Akiko got the job in spite of her obvious shortcomings as a linguist. She became part of the company's international division, later known as CBS/Sony, working in what the industry called A&R (artistry and recording). Aki married an advertising man named Yoshimura. Female employment was uncommon at the time, and it was even more rare for a married woman to work outside the home. Aki's English had improved, and one of her responsibilities involved showing visiting American artists, such as Pierre Boulez, Leonard Bernstein, and Isaac Stern, around Tokyo.
Akiko worked mostly with foreign talent, but she sometimes produced the work of contemporary Japanese artists. This included public relations, and she had many contacts in the publishing industry. Promoting a record she was about to release, Aki met with an editor who frequently exchanged inside dope on what was new, hot, and hip with her. Aki saw a copy of a Richard Brautigan book in the man's office. She had read Japanese translations of Brautigan's work in university, first
In Watermelon Sugar
, later
Trout Fishing
and
The Abortion
. Akiko was excited. “Oh, did you read that?” she asked.
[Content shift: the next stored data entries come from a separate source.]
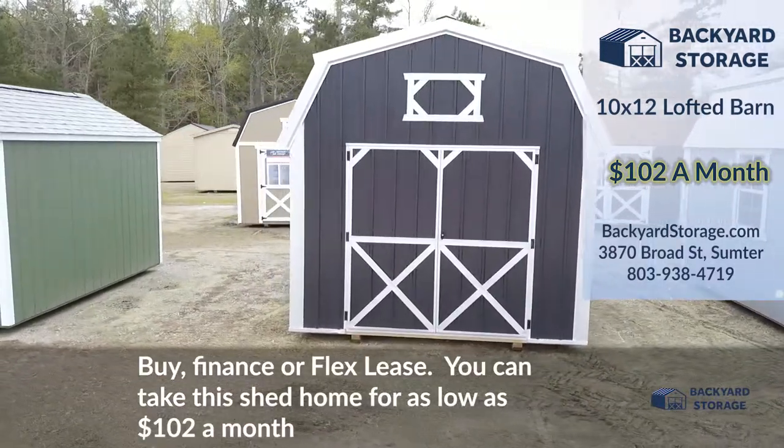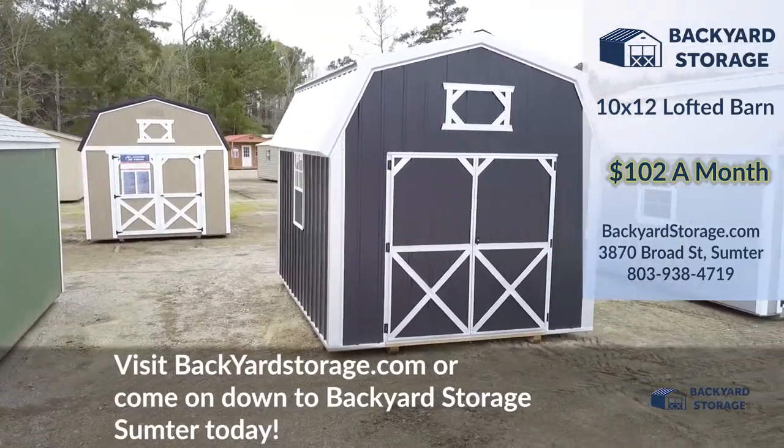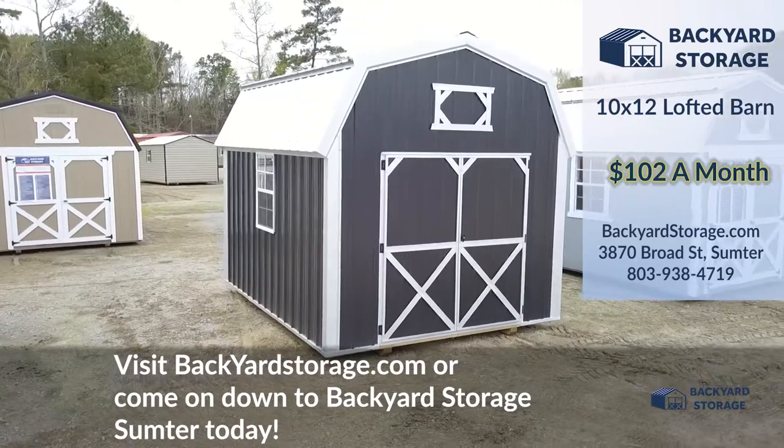Buy, finance, or flex lease — you can take this shed home for as low as $102 a month. Visit BackyardStorage.com or come on down to Backyard Storage Sumpter today.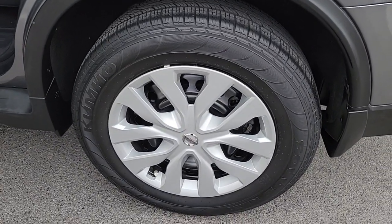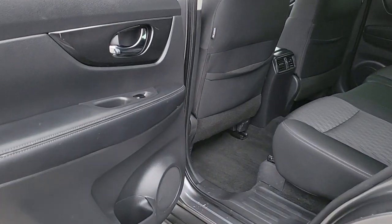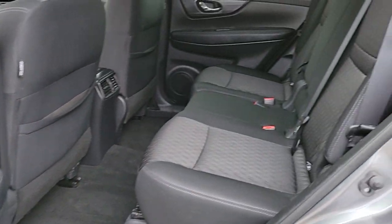Enjoy the convenience and comfort this Rogue has to offer. Come in for a fun and easy test drive. Our team will make it the best part of your day.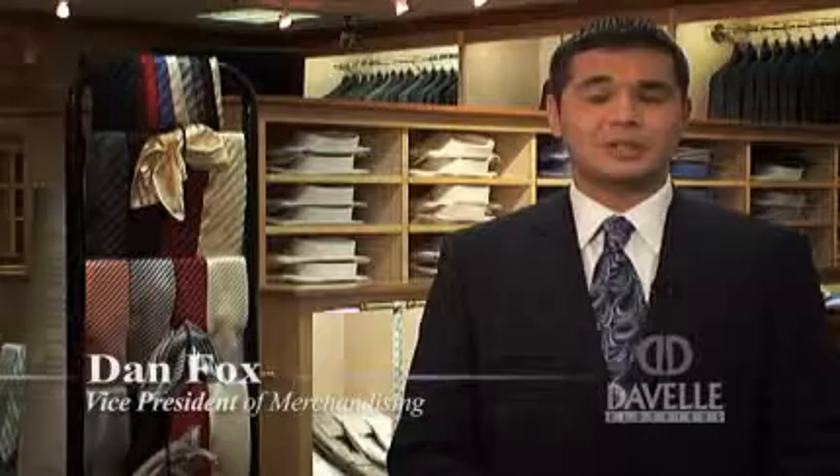Hi, this is Dan Fox at DeVille Clothiers, and today we're going to talk about the different types of collars and the proper way of finding the right fit of collar for you.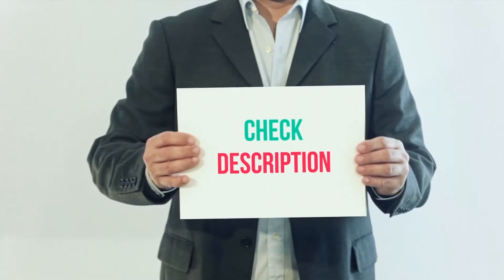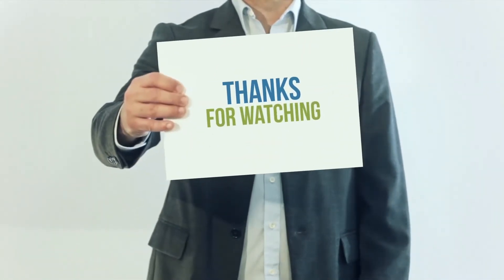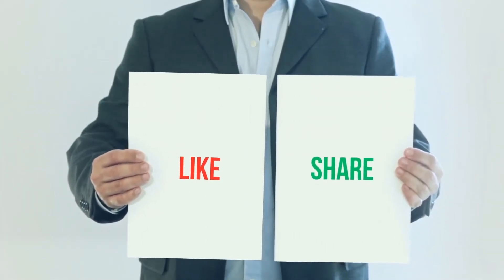I've included the product link in the description. You can check out this link for more information and the latest price. Thank you for watching this video. Please subscribe to my channel, leave a like and share with your friends. Until next time, hope you all have a great day.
“Yes. Very unique book,” the editor replied.
Several months later, early in 1977, the editor came to see Aki. He spoke to her about Brautigan. “Do you know that author is in Japan right now,” he said “and is staying in Keio Plaza Hotel.”
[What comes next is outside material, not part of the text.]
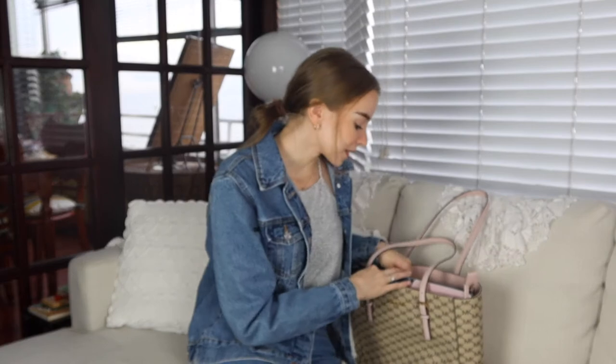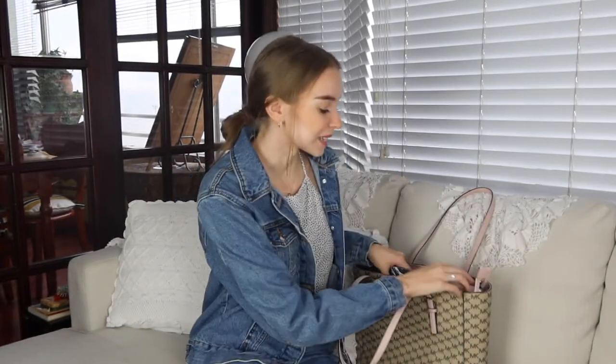The next thing I have in my bag is my phone. Obviously I can't go anywhere without my phone. This is my iPhone 11. I do have a 'what's in my iPhone' video if you want to see that.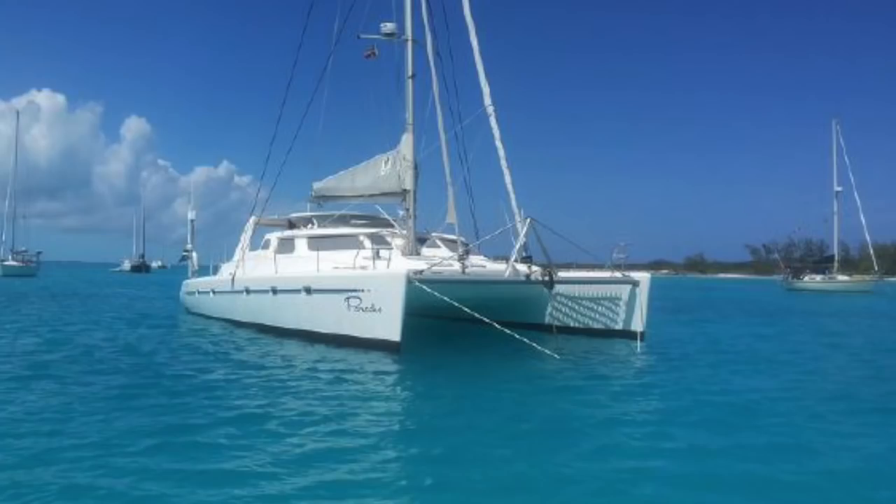Without any further ado, the top three catamarans for the month of July under $600,000. Number three is a 2010 Voyage 500 owner's version in St. Augustine, Florida. They just lowered the price to $559,000.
“Shall we call him?” she asked.
The editor gave her the number. Akiko phoned the Keio Plaza only to be told that Richard had checked out. When the desk clerk heard the disappointment in her voice, he said, “No, no, he is supposed to be back again.” A week later, Aki called the hotel a second time. Again, she was told Richard had left. “Mr. Brautigan is in the Gifu area to watch the
ukai
[cormorant fishing]. He's supposed to come back by now.”
Soon after, Aki tried the number again. This time he was there. The front desk connected her with Richard Brautigan's room on the thirty-fifth floor. “And my heart started beating like some small girl talking with some superstar or something.” Brautigan spoke rapidly, excitedly, as if he'd tuned in to her own exhilaration. “I just talked with the telephone operator in Montana,” he said, “and asked what the weather looked like.” Akiko didn't quite know what to make of it all. She felt perplexed. “That kind of conversation,” she remembered. “And blah, blah, blah . . .”
Ice broken, Richard asked the stranger on the other end of the line three quick questions. First: “How did you get this phone number?”
“Oh, by a certain way,” Aki answered coyly.
Brautigan sounded pleased with her reply. “Are you a journalist?” was his second question.
“No.”
“Who are you then?”
“I am working in the music industry,” Akiko said.
“Oh, that's okay.” The melodic voice was not a threat to his privacy. Richard immediately asked Aki for her phone number. And she gave it to him.
Small talk can be difficult with someone you've never met. Brautigan launched back into his rapid-fire free association, talking about the Japanese television program he was watching, a detective cartoon.
Akiko forgot about their odd conversation. She thought, “The famous author is never going to call me.” He did call and asked her out for dinner. “My god!” she remembered with a certain wonder. Although still married, Aki accepted Richard's invitation.
On the appointed evening, Akiko drove to the Keio Plaza Hotel. She brought a stack of Brautigan's books in Japanese translation with her, hoping he might sign them, but took only
Trout Fishing
when she rode the elevator to the thirty-fifth floor, leaving the others in the car. When Richard opened the door to his suite, the famous author greeted her wearing the summer kimono called a
yukata
. “Kind of bizarre,” Aki remembered. “Unusual. So, I thought, hmm, strange.” In spite of his unorthodox dress, Brautigan was gracious and polite. He immediately offered Akiko a drink and some appetizers. She recalled smoked salmon on plates decorated with a trout pattern.
Aki noticed something else. In one corner of the room, Richard had assembled a makeshift altar to himself, arranging several of the Japanese translations of his books into a personal display. “Like a little shrine to worship his own book,” Akiko thought.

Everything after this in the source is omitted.